I’ve been testing out Google phones ever since there were Google phones to test – indeed, I was the editor at Gizmodo Australia when the first generations of Google Nexus phones hit our shores – and over the years I’ve generally been impressed with what the search giant has done in the phone hardware space.
I’m always drawn back to those early Nexus phones, however, because they were such good value for their time.
Sure, they’d be sub-par relics of phones now, because 14 years in smartphone developments may as well be 200 years, but they provided a great way to get a well-running Android phone for a whole lot less than the competing iPhones that were so very dominant at the time in the smartphone space – or even the weird late-life Nokias of their time. Anyone fondly remember Symbian smartphones? No, I didn’t think so.
The closest you get to a Nexus phone these days are Google’s Pixel A series phones; the mid-range, six-months-later alternatives to the full-priced Pixels of their day. They’re never “innovative”, because that’s not the point of them; they’re a value proposition that’s meant to be better than anything else you can get at that price point.

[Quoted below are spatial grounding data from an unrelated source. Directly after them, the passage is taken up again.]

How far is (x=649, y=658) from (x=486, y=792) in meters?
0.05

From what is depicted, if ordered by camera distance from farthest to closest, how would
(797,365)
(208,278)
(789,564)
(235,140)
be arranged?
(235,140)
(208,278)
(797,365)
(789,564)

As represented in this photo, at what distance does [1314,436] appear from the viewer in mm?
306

That 100% was the story for the Google Pixel 7a and I was very keen to see if Google could improve the recipe for the Pixel 8a.
You can read Zac’s full Pixel 8a review here, but what I wanted to do was instead present a slightly alternative viewpoint and format, listing out where I think the Pixel 8a is a winner… and where it isn’t.

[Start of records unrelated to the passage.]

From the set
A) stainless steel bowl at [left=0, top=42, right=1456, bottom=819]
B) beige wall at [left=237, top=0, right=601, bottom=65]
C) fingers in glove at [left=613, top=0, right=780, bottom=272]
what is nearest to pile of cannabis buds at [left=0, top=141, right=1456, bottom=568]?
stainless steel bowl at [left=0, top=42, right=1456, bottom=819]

Three things I love about the Google Pixel 8a
1. The Pixel 8a is as powerful and as well supported as the Pixel 8
This shouldn’t be a revelation, because manufacturers should be doing everything they reasonably can to make their products good value for consumers for years to come.

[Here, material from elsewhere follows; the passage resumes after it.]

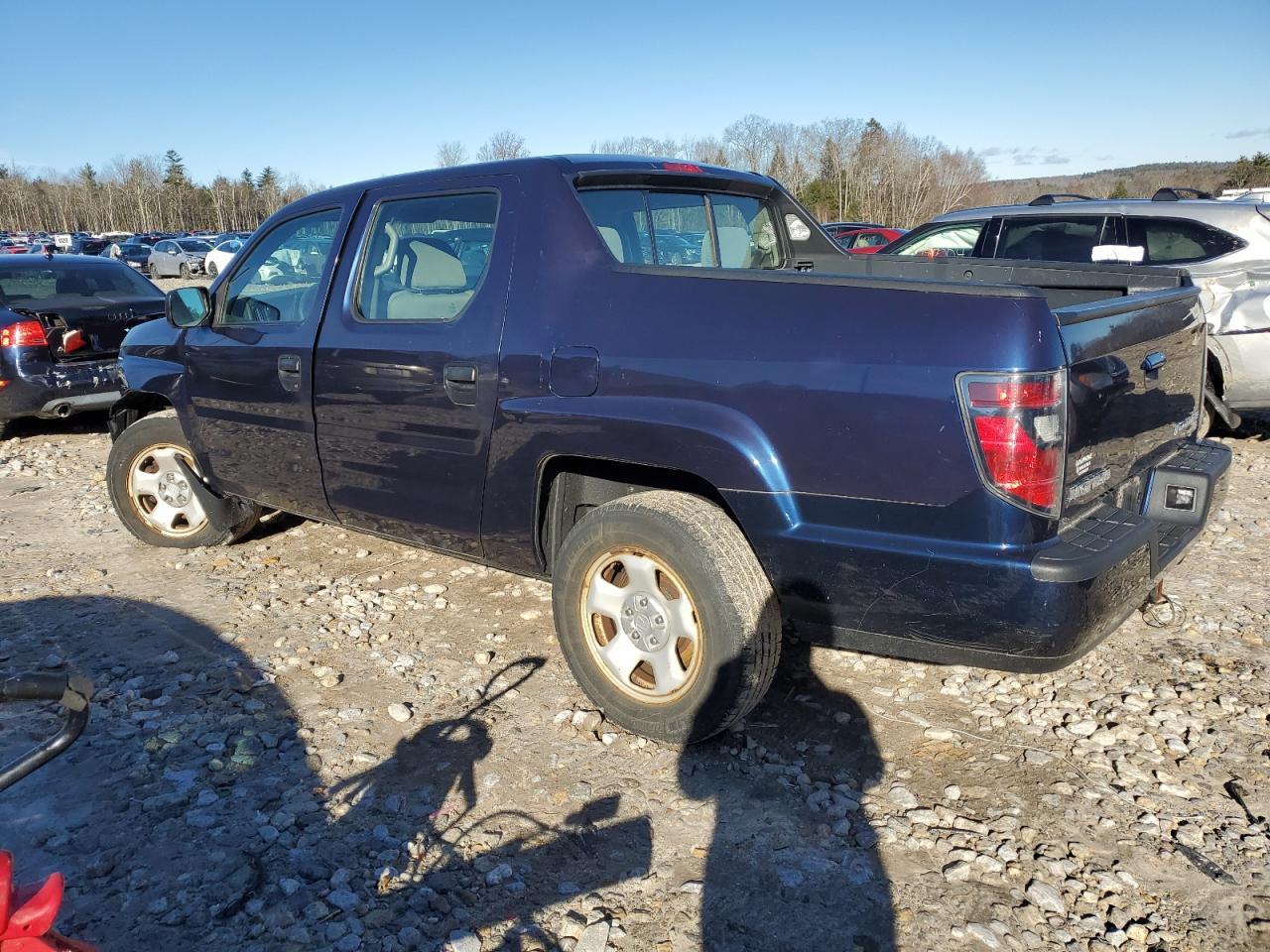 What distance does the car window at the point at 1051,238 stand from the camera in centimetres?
702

Still, you won’t find another Android OEM in this price range offering up seven years of both OS upgrades and security updates alongside the same internal processor architecture and storage options as their full-priced phones.
That’s precisely what the Pixel 8a is, because it’s a marginally smaller Pixel 8 with the same internal configuration and storage options. Which means it runs (anecdotally, officially) exactly the same as the Pixel 8 does. That means while it’s not quite the fastest Android out there (hello, Galaxy S24 Ultra! Goodbye my bank balance!) it’s more than powerful enough for everyday Android apps and games and will be for years.
One minor reviewer’s whinge here: I’d love to be able to show exactly how much more powerful the Pixel 8a is than the 7a or other phones in its price bracket, but I can’t do so in a benchmark sense. Why? Because Google Pixel phones never work with popular benchmarks on launch, and there’s no way that this is coincidental.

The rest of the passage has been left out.